Like the disciples, like Peter, we abandon the Lord in interest of self-preservation.  We hide our faith when it’s not beneficial to show it: in the hallways of school, at the water cooler at work.  When our faith causes us to be an outcast or social pariah, we deny it.  We abandon the Lord when we look for peace in other places: in our bank accounts, in our social status, in the governments and laws of this world.  We abandon our Lord and the holy living He’s called us to when we give in to the temptations of our sinful flesh and the world.
Like Thomas, we doubt the Lord and promises.  Instead of hearing and believing the words of Scripture, we want to see physical evidence.  We demand God give us the proof of miracles.  We want Him to give us personal assurances on our own terms instead of trusting the Word He’s spoken to all.  We want to be the deciders of our faith, what we can believe and what we won’t believe.  We want to pick and choose the truths of Scripture. 
In all of this, we think we’ll find peace.  Peter sought peace in his denial, thinking it would save his life, but it only brought guilt and shame.  Thomas sought the peace of physical proof, but the Lord says: “Blessed are those who have not seen and yet have believed” (Jn 20:29).  Our sin, our abandonment, our doubting, it doesn’t bring peace.  It brings death.  But the Lord has overcome your death and brings you peace, right here, today. 
Just as our Lord came to His disciples in that locked room, He comes to you here.  In His Word and His Sacrament and He says “Peace be with you.”  This peace is the forgiveness of your sins.  As you confess your abandonment and doubt, the Lord answers with His absolution, spoken by His pastors.  These men, like the disciples, Christ sends out to forgive the sins of repentant sinners.  And after that absolution is spoken, the pastor says, “The peace of the Lord be with.” 
Christ’s peace comes to you in His Holy Supper.  As you eat and drink the Lord’s body and blood, He gives you the peace won with His death and resurrection.  You receive forgiveness, life, and salvation.  After words of our Lord are spoken, the pastor raises the host and the cup and proclaims, “The peace of the Lord be with you always.”  And then again, after you’ve communed, you’re dismissed with these words, “The body & blood of our Lord Jesus Christ strengthen and preserve you in body and soul to life everlasting.  Depart in peace.”    
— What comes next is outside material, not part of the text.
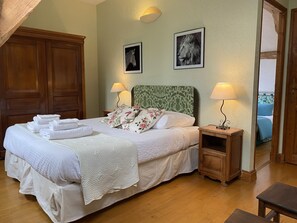 4 slaapkamers, een strijkplank/strijkijzer, reisbedje, gratis wifi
In these things, in the Word and Sacrament of our Lord, you are given His peace.  This peace is a constant, always here.  Here you receive the forgiveness of sins.  Here you receive everlasting life.  Here, in His sanctuary, there’s peace from all the craziness, chaos, and turmoil of our sinful world.  This peace is a peace the world cannot give.  This peace is everlasting and it overcomes all sin and death.  It overcomes your sin and your death.   
Christ gave His peace to His disciples after they abandoned and denied Him.  Christ gave His peace to Thomas when he doubted the Lord’s resurrection.  And Christ gives you His peace through His Word and Sacrament.  This peace is the forgiveness of sins.  This peace is the assurance of life.  This peace is your promised salvation.
Alleluia!  Christ is risen!  He is risen indeed!  Alleluia!